- _What needs to be done_:
From the data below, please reproduce exactly everything from the line that contains "7722 Greenway Boulevard" down to the line that contains "pussyhome24-7 webcam", with both ends included.

- _Supplied data_:
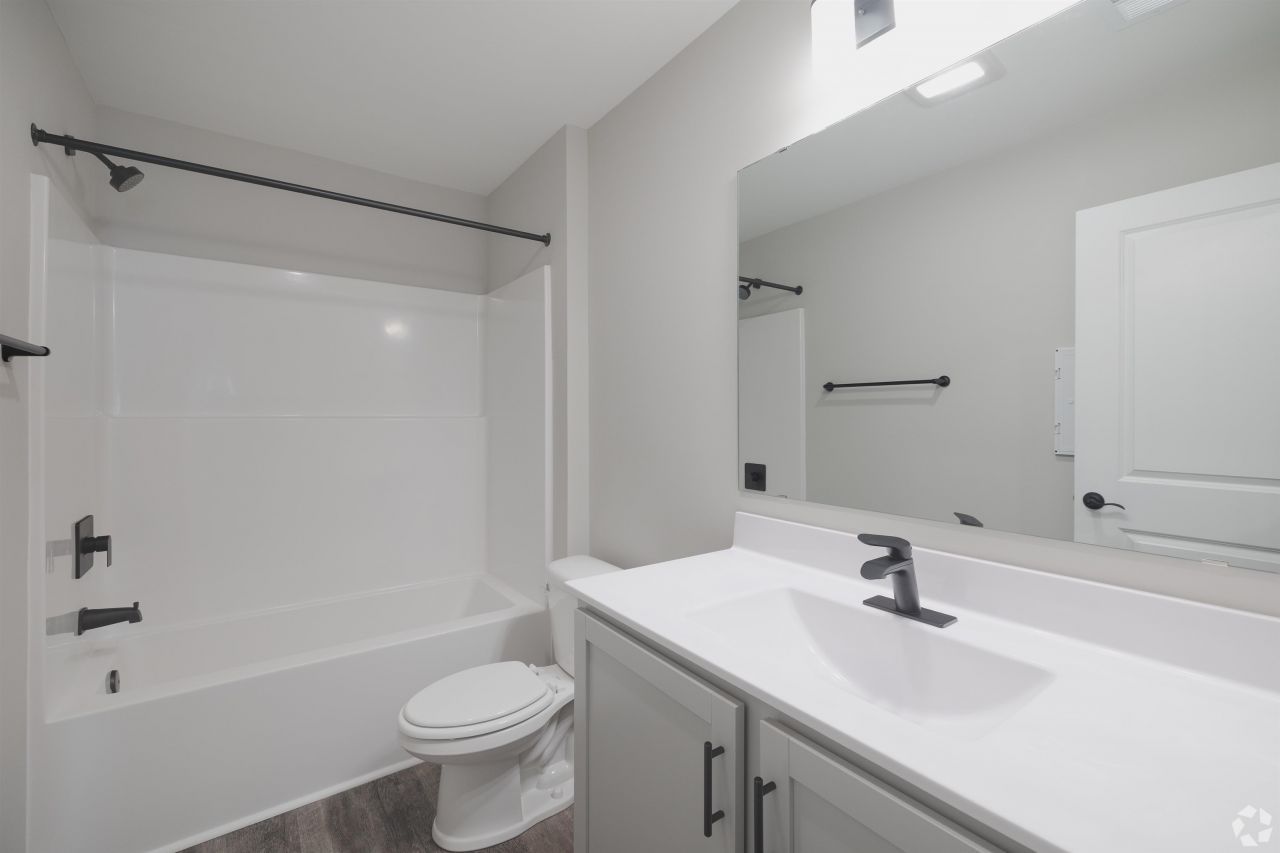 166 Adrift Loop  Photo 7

* * *

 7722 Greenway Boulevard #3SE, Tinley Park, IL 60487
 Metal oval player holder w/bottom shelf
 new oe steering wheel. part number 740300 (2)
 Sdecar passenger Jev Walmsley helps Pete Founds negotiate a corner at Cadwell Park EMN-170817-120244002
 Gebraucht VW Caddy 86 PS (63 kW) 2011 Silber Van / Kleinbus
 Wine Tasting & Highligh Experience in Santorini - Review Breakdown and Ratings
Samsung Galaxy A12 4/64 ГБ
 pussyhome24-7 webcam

- _Reply to the exercise_:
 7722 Greenway Boulevard #3SE, Tinley Park, IL 60487
 Metal oval player holder w/bottom shelf
 new oe steering wheel. part number 740300 (2)
 Sdecar passenger Jev Walmsley helps Pete Founds negotiate a corner at Cadwell Park EMN-170817-120244002
 Gebraucht VW Caddy 86 PS (63 kW) 2011 Silber Van / Kleinbus
 Wine Tasting & Highligh Experience in Santorini - Review Breakdown and Ratings
Samsung Galaxy A12 4/64 ГБ
 pussyhome24-7 webcam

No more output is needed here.